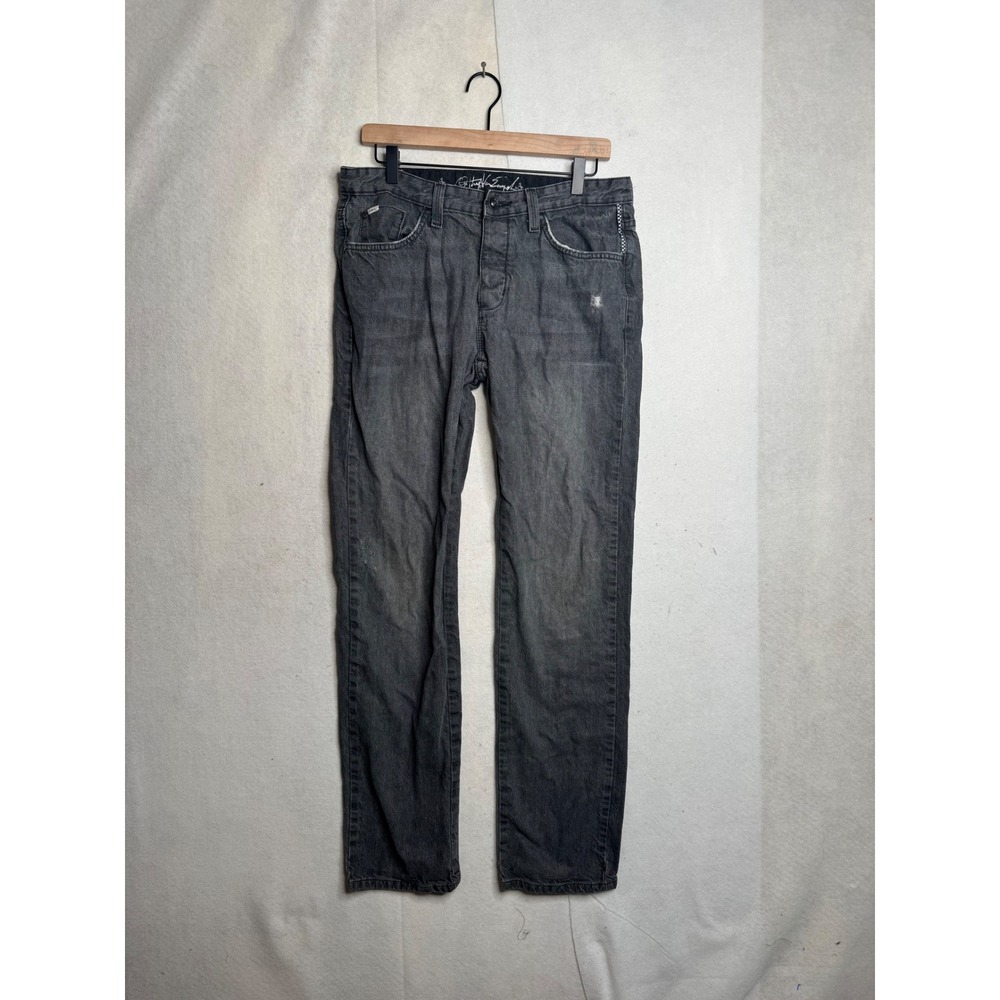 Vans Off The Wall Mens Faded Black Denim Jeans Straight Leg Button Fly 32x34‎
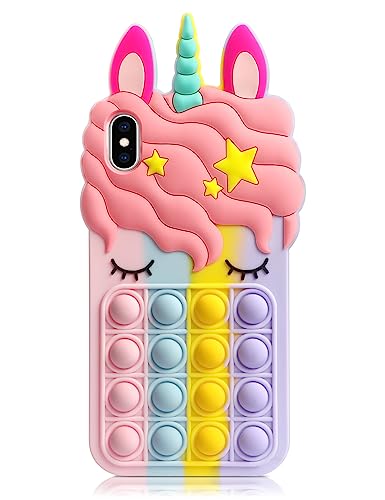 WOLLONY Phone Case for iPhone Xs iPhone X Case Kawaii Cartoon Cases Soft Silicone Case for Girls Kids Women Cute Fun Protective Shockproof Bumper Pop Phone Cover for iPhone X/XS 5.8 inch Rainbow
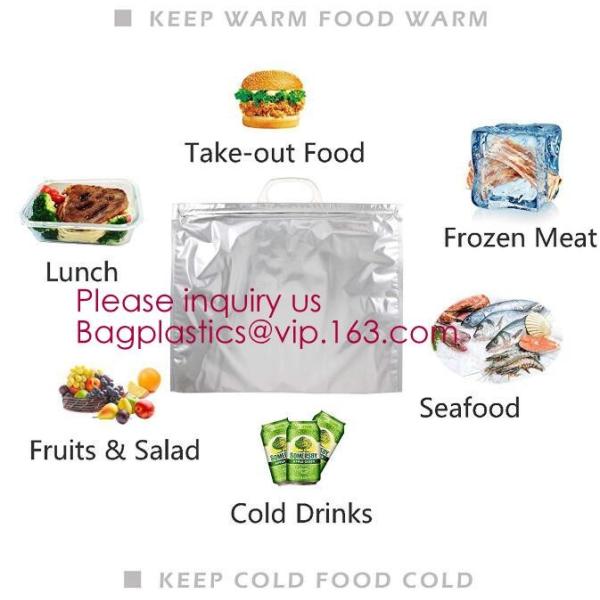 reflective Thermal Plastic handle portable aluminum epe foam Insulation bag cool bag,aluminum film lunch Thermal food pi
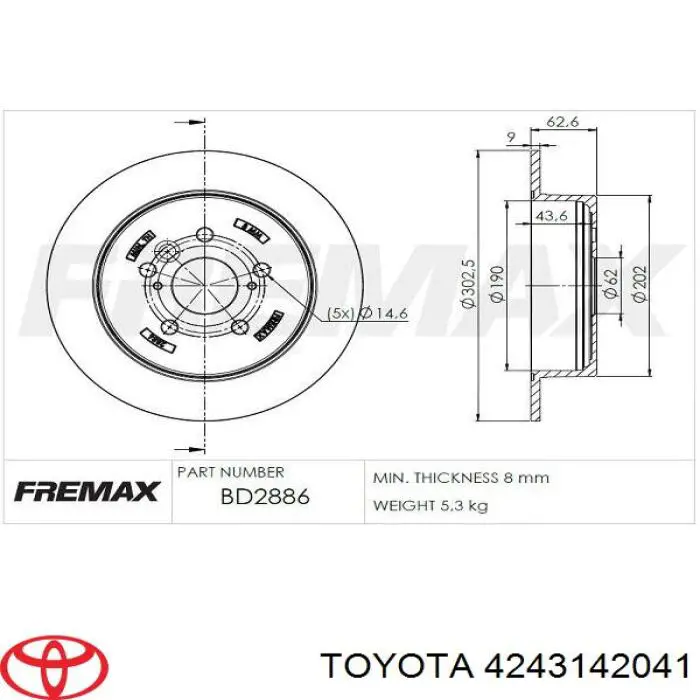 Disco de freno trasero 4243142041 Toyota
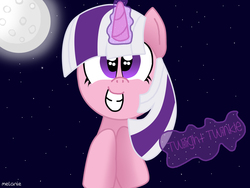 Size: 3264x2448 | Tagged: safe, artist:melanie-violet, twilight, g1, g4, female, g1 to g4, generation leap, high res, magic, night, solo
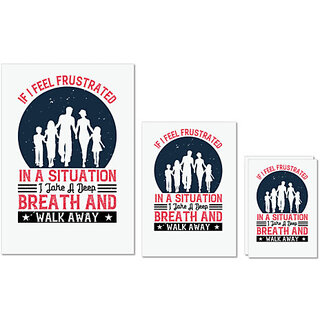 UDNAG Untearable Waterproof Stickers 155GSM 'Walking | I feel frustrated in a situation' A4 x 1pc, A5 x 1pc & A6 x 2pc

....

Restate word for word the lines from the line with "Disco de freno trasero 4243142041 Toyota" to the last line of the records above, inclusive, and omit every picture.

Solution below |
 Disco de freno trasero 4243142041 Toyota
 Size: 3264x2448 | Tagged: safe, artist:melanie-violet, twilight, g1, g4, female, g1 to g4, generation leap, high res, magic, night, solo
 UDNAG Untearable Waterproof Stickers 155GSM 'Walking | I feel frustrated in a situation' A4 x 1pc, A5 x 1pc & A6 x 2pc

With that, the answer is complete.